Editor’s Note: For context on the College of Law naming issue, see The Cauldron’s previous coverage “Students, city council, and more call for the removal of “Marshall” name from College of Law” and “Cleveland-Marshall College of Law naming committee votes to strike “Marshall” from name by commencement.”
Whether we should remove the name “Marshall” from the Cleveland State University College of Law did not materialize in a vacuum at CSU, it was part of a national movement. It feels so far in the past because it has drug on for two years.
The summer of 2020 began with the largest anti-racist uprisings in world history. The extra-judicial murder of George Floyd spontaneously compelled BIPOC (Black Indigenous People of Color) and their allies onto the streets in over sixty countries and five hundred solidarity demonstrations across our nation. As a result, monuments to colonialism tumbled around the globe.
Back home, we took down monuments to slavery. Recall Bree Newsome, leading the charge, when she climbed the South Carolina statehouse flag pole removing the confederate flag following the Emanuel AMC Church white supremacist massacre. Or, Ava Holloway and Kennedy George, the Black, teenage ballerinas who went viral posing atop Robert E. Lee’s disgraced Richmond, Virginia statue. Many of these demonstrations C|M|Law students took part in as we prepared for virtual “pandemic” law school. During this unprecedented context, students and Clevelanders demanded the brutal slave master’s name be removed.
Then, like many institutions, CSU was eager to engage in public anti-racist discourse. President Sands issued a statement, “We Stand Together Against Racism… Committed to Action.” He charged students; “we have a responsibility, individually and collectively, to act.” However, also like many institutions, in the nearly two years since that time, the eagerness toward progress has atrophied, and our commitment to white supremacy has crept back.
When people see “white” and “supremacy” next to each other, they think it means KKK. While the KKK is certainly an acute embodiment of racism, white supremacy is a cyclical system of power that keeps white-ness on top and everyone else less-than. In fact, it’s what our generation is fighting against, and it’s why this university is getting this name-change conversation completely wrong. From the beginning, CSU, just like our polarized political climate, has presented this issue to students in a binary; either we’re “erasing” or “upholding” history. Neither is true. Continuing to frame this issue this way is irresponsible and harmful.
John Marshall contributed the seminal foundation of our legal system: Judicial Review. Simultaneously, he was a man who exploited his sacred responsibility on the Supreme Court by protecting his own financial interests. He ruled against freedmen or slavery in every case given the opportunity: over 50, sometimes even against the jury. It was common practice for his family to “gift” slaves as wedding or Christmas presents, tearing families apart, and his writings are riddled with racist epithets.

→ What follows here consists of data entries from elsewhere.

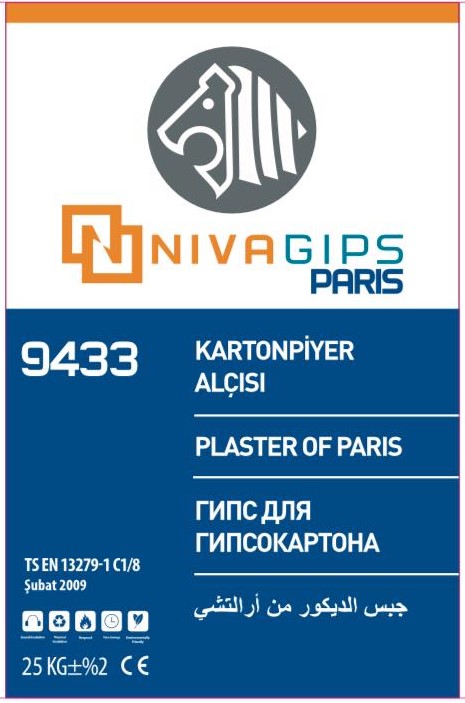 KARTONPİYER ALÇISI 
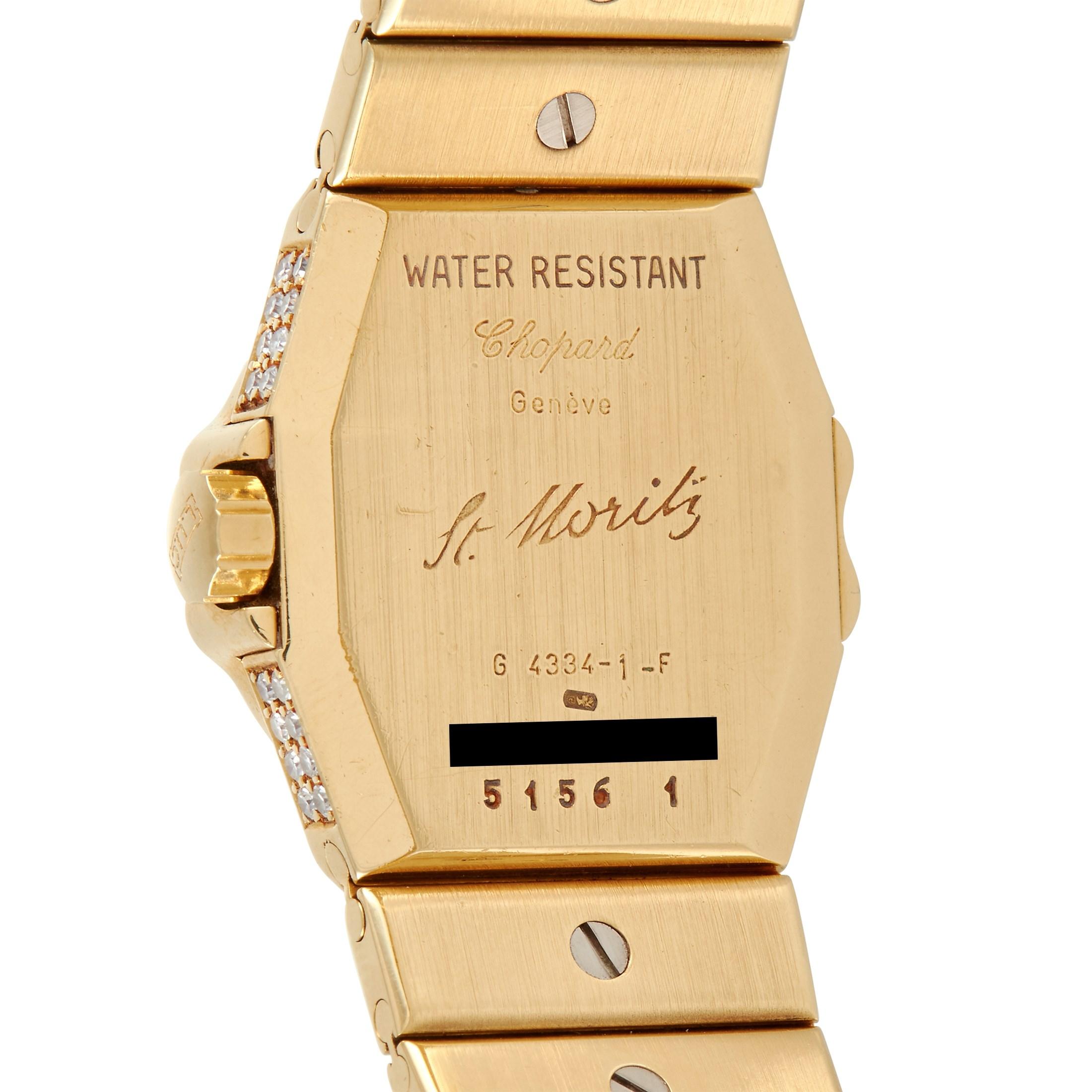 chopard rainbow watch price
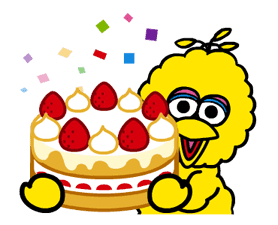 Sesame Street Animated Stickers sticker #2719085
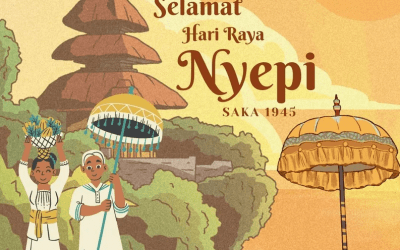 Selamat Hari Nyepi Saka 1945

Like many historical figures, he was both horrific and made contributions, but accomplishments do not outweigh atrocities. CSU has framed the question as if we are putting what Marshall contributed to our world on a scale and determining if it was greater than what he took away and lining the rest of us up in two tidy rows behind that question, depending on which team we’ve backed (either “racists” or “cancel-culture agents”). This is the wrong question.
Just this month, after 246 years as a nation, we confirmed the first Black woman Supreme Court Justice. Today, only 2% of all U.S. lawyers are Black women. Many of society’s positions of power begin in the legal field, especially among elected officials. This speaks to white supremacy, that after 246 years, our social system keeps Black women from entering the field that creates power. A public university should want to rectify this, yet, every day C|M|Law students, some of who have ancestral ties to slavery, sit in classrooms bearing the name of a slave master.
The framework we should use is not so binary. We are not erasing or upholding history; we are determining what is appropriate. All histories — good and bad — should live in museums, textbooks, and classrooms, so we can continue to learn from them. But when name something after someone, you honor them, which is inappropriate for anyone who contributed to the horrors of slavery. This is a question of appropriateness, not erasure.
Our generation carries the torch of the movements that came before us. In the 1800s, the movement ended slavery. In the 1900s it dismantled Jim Crow. In these 2000s, we’re called to dismantle the pervasive nature of systemic racism. We firmly believe a person’s accomplishments will never outweigh their atrocities. We do this work so the next generation can build upon ours.
Yet, even today, CSU is preparing to graduate another class of C|M|Law students with a slave master’s name on their diploma because CSU refuses to hear them. The Board of Trustees has the legal authority to call an emergency vote today if they wanted to, but they have done nothing, while other universities have done the right thing. And President Sands remains silent.